2.62 ms ± 147 µs per loop (mean ± std. dev. of 7 runs, 100 loops each)


In [199]:
%timeit result_vectorized = log_pos_p1_vectorized(x)

21.1 µs ± 990 ns per loop (mean ± std. dev. of 7 runs, 10000 loops each)


In [201]:
# check if the results are correct
np.allclose(result_slow, result_vectorized)

True

### Exercises

- the *rectified linear unit* (aka ReLU) is a commonly used activation function in machine learning. It can be computed using the following Python function:
  ```python
     def relu(x):
        result = np.zeros_like(x) # create an array of 0s with the same shape and type as x
        for i, e in np.ndenumerate(x): # ndenumerate returns tuples (index, element)
            if x > 0:
                result[i] = e
        return result
  ```
  Vectorize this function. Evaluate the running time using the ```%timeit``` command on the data below *[2]*.

In [206]:
def relu(x):
    result = np.zeros_like(x) # create an array of 0s with the same shape and type as x
    for i, e in np.ndenumerate(x): # ndenumerate returns tuples (index, element)
        if e > 0:
            result[i] = e
    return result

x = np.arange(-10000., 10000.)

In [38]:
# answer
def relu_vectorized(x):
    result = np.zeros_like(x)
    result[x > 0] = x[x > 0]
    return result

# or
def relu_vectorized(x):
    return np.where(x > 0, x, 0) # np.where returns elements from the first array if condition is true,
                                 # second otherwise

- the integral of a function can be numerically aproximated using the *trapezoidal rule*, defined as:  
  $\displaystyle\int_{a}^{b}f(x)dx \approx \frac{h}{2}f(a) + \frac{h}{2}f(b) + h\displaystyle\sum_{i=1}^{n-1}f(a + ih), \space h = \frac{b - a}{n}$  
  Write a vectorized function to integrate a function using the trapezoidal rule. It should accept as arguments the function to integrate, the lower and upper bounds and the number of iterations $n$. **Do not** use an explicit ```for```-loop for the summation. Use your function to intergrate $x^3$ from 0 to 1 using $n=1000$ (the true value of this integral is $\frac{1}{4}$) *[2]*.

In [218]:
def f(x):
    return x ** 3

a = 0
b = 1
n = 1000

In [219]:
# answer
def trapz(f, a, b, n):
    h = (b - a) / n
    x = np.linspace(1., n-1, n)
    return (h/2) * f(a) + (h/2) * f(b) + h * np.sum(f(a + x * h))

## Challenges

- Write a simple gradient descent optimizer using numpy *[3]*. Use it to fit a linear regression model to the sample data from the previous exercises *[2]*. You might find the notebook from the first workshop on linear models useful.
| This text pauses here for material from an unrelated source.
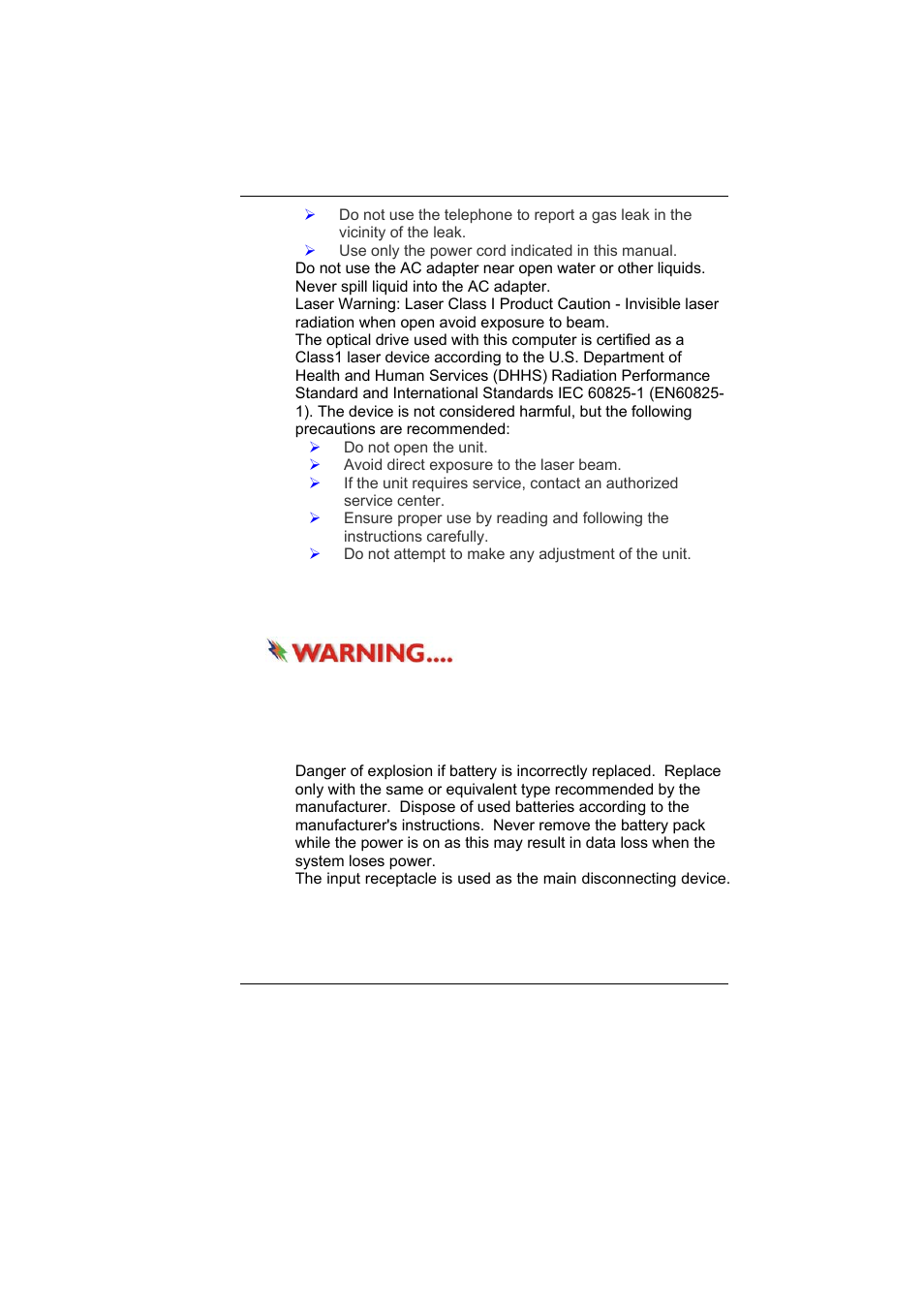 chiliGREEN P55I User Manual | Page 12 / 76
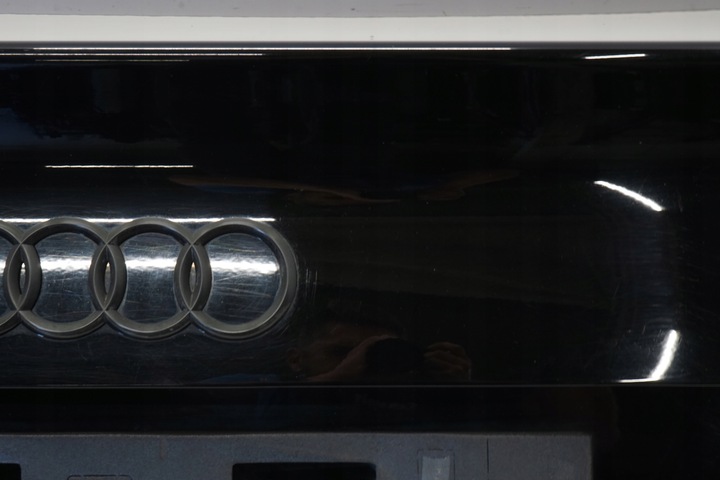 фото №7, Audi a4 b8 sedan рестайлінг 13r кришка багажника ly9b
- Write a function to compute the elements of the Mandelbrot set with given resolution *[3]*. Estimate the area of the computed set *[2]*. Make the function as fast as possible using vectorization *[3]*.

- *Logistic regression* is a popular model used to estimate the probability of a binary outcome (i.e. 0 or 1). It belongs to a broader class of *generalized linear models*. Write a logistic regression solver using Numpy *[3]*. You can adopt multiple approaches, e.g. gradient descent from the first challenge or algorithms like *Newton's method* or *iteratively-reweighted least squares* ([Wikipedia](https://en.wikipedia.org/wiki/Logistic_regression) is a good place to start). Test your implementation on the [classic Titanic dataset](https://www.kaggle.com/c/titanic) or any other binary classification problem. Compare the performance of your model to a standard implementation (e.g. [scikit-learn](http://scikit-learn.org/stable/modules/generated/sklearn.linear_model.LogisticRegression.html)) using a metric of your choice. Compare the speed of your method to the reference implementation and try to make it as fast as possible (using vectorization, faster algorithms, etc.)